As a fully satisfied celibate woman who has no intention of getting into a relationship with anybody any time soon – and certainly not a man – I generally permit that assumption: it is habitual, comfortable; it is not (overtly or immediately) detrimental; it is easy just to let it be. And why question if it makes no difference anyway?
This is why, when listing my privileges (the ones of which I am conscious, I mean), I have fallen into the habit of describing myself as “more or less” or “pretty much” heterosexual. What I mean by that is that all of my sexual relationships and 98% of my sexual adventures have been with men. What I mean is also that I have experienced het privilege all my life, because I have always performed, and always been read as, a heterosexual woman. What I also mean is that even if this has not been exactly contrary to my natural inclinations, certainly it has not involved the full expression or development of my natural inclinations.

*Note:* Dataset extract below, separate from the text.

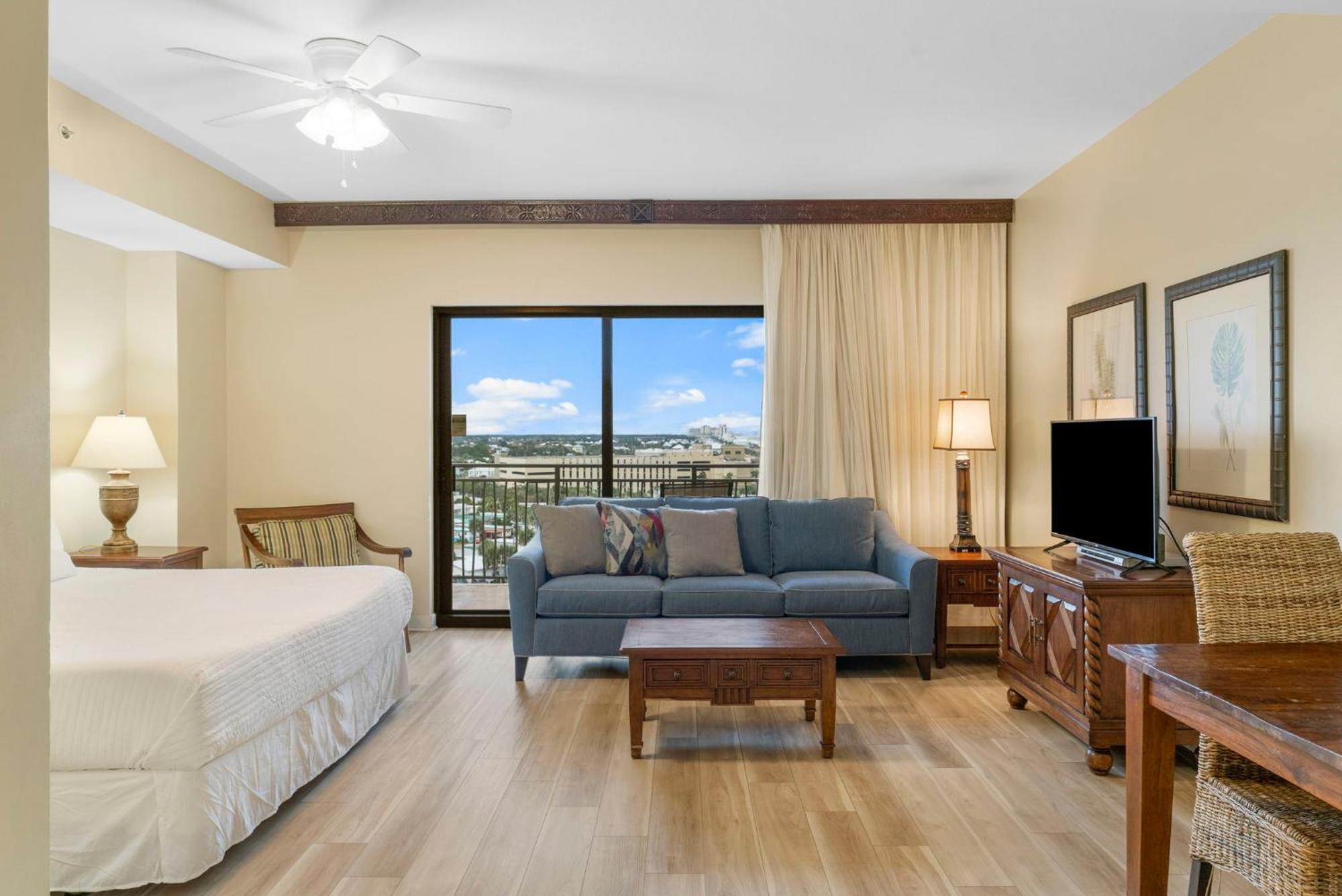 Studio Room - Beach Access Resort At Origin Of Seahaven. Panama City Beach Eksteriør bilde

If I were in a free universe I would almost certainly not identify as heterosexual.
It’s difficult to know how I would identify. Based on my life story to date, I would identify as a woman-loving celibate. But the only reason I have that life story, the only reason that I have come to be a woman-loving celibate is because I do not live and have never lived in a free universe. So who knows? In that mythical free universe I might identify or not as anything I pleased, whenever I pleased, and who knows what would please me if I had not had this heterosexual indoctrination?… But stop! I don’t want to get side-tracked by imagining how things might have turned out different in some parallel but fundamentally freer universe. What a waste of time.
I am not in a free universe, but I am free in some places. In my real-life heart I am free, and in my real-life heart I can and now do identify myself, to myself, as a woman-loving celibate. That’s a start.
In the real world outside my own body, I am not free and as such I am… a single woman presumed heterosexual who is troubled by all that this means. Because I don’t actively sleep with women, I am claimed almost against my will by the heterosexual in-group, the ones who don’t even realise that they are a group, the ones who generously assume that you are “normal” just like them unless and until you start putting evidence right in their faces that in fact you are a deviant.
I can’t abandon heterosexual privilege, because short of wearing a sign on my head that says “I AM A LESBIAN”, there is no way to prevent heterosexual people from lazily assuming that I am One Of Them. In truth, “can’t” may be an excuse for “won’t”. Although I wish that there was no such thing as het privilege in the first place, now that I have it, I can’t honestly stand up and claim that I even particularly want to abandon it in favour of the oppression that would replace it. I don’t know what abandoning the privilege would mean, what it would look like, how it would play out in my life, whether anyone would even take me seriously, and in any case – what would be the point?
I have heard a lot at various times about political lesbians and in all honesty I can’t see any appeal in that “identity”. It sounds too much to me like privileged straight women, purposefully single, magnanimously extending sisterhood to real lesbians, garnering feminist credibility for pretending to abandon their heterosexual privilege, without actually examining or understanding the very real differences in their experiences of privilege and oppression. Without try to see how it all works in real life, how it might feel as a real lesbian to be “offered” sisterhood (read, to be claimed in sisterhood) by a bunch of privileged singletons who think they have some sort of clue what it is like to actually live as a woman-partnered woman. I wonder how many of those singletons would be willing to walk around with an “I AM A LESBIAN” sign on their heads?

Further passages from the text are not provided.